11. The device of claim 10 wherein the stem portion of the ball-end coupler is formed adjacent to a lip portion of the one of the drive and anvil plates adjacent to the mouth opening and substantially centered relative thereto.

12. The device of claim 11 wherein the drive and anvil plates further comprise substantially planar opposing interior surfaces.

13. The device of claim 12 wherein the drive and anvil plates further comprise substantially identical uniformly long, flat and relatively thin rigid plates.

14. The device of claim 13 wherein the backing plate further comprises a uniformly long, flat and relatively thin rigid plate substantially identical to the drive and anvil plates.

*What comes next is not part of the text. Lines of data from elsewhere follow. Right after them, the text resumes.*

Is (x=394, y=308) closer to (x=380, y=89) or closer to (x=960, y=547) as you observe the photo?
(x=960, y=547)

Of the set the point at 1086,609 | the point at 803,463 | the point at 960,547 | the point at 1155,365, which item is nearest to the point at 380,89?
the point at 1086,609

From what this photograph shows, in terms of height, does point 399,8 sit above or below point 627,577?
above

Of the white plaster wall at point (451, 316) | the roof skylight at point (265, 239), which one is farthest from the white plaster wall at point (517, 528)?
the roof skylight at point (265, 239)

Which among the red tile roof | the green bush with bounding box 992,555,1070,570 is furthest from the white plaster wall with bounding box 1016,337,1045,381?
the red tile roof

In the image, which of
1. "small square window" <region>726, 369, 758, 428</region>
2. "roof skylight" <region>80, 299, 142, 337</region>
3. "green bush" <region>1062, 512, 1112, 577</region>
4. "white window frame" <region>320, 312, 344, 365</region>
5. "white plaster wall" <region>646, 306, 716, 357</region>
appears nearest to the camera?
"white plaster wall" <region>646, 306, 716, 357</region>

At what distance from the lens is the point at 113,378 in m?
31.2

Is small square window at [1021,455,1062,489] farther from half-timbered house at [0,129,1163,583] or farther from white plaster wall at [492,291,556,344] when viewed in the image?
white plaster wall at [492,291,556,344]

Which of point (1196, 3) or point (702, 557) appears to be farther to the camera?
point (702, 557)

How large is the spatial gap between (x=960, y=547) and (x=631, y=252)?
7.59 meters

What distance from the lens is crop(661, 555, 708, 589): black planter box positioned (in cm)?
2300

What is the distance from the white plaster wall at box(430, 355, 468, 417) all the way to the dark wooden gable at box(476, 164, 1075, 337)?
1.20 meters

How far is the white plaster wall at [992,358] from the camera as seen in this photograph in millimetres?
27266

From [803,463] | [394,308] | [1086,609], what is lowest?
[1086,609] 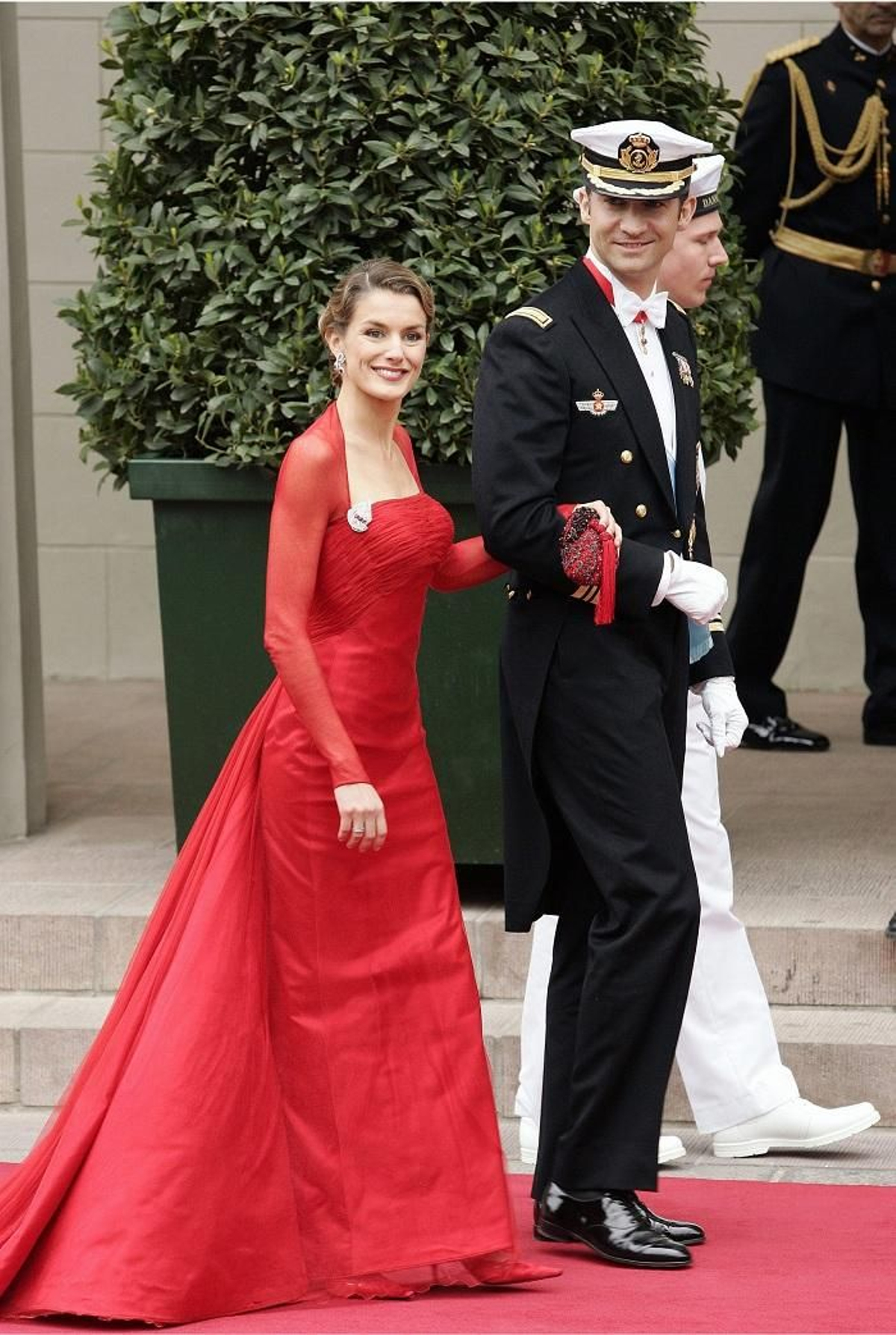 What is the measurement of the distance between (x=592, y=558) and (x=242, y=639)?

15. The device of claim 13 wherein the one of the drive and anvil plates having the ball-end coupler projected therefrom further comprises a protrusion projected from the lip portion thereof both substantially coplanar therewith and substantially centered relative to the mouth opening; and

the stem portion of the ball-end coupler is formed partially on the lip portion and partially on the protrusion projected therefrom.

16. The device of claim 15 wherein two or more of the plurality of threaded apertures are further formed adjacent to a lip portion of the drive plate.

17. The device of claim 16 wherein the ball-end coupler is formed on the drive plate.

18. The device of claim 16 wherein the ball-end coupler is formed on the anvil plate.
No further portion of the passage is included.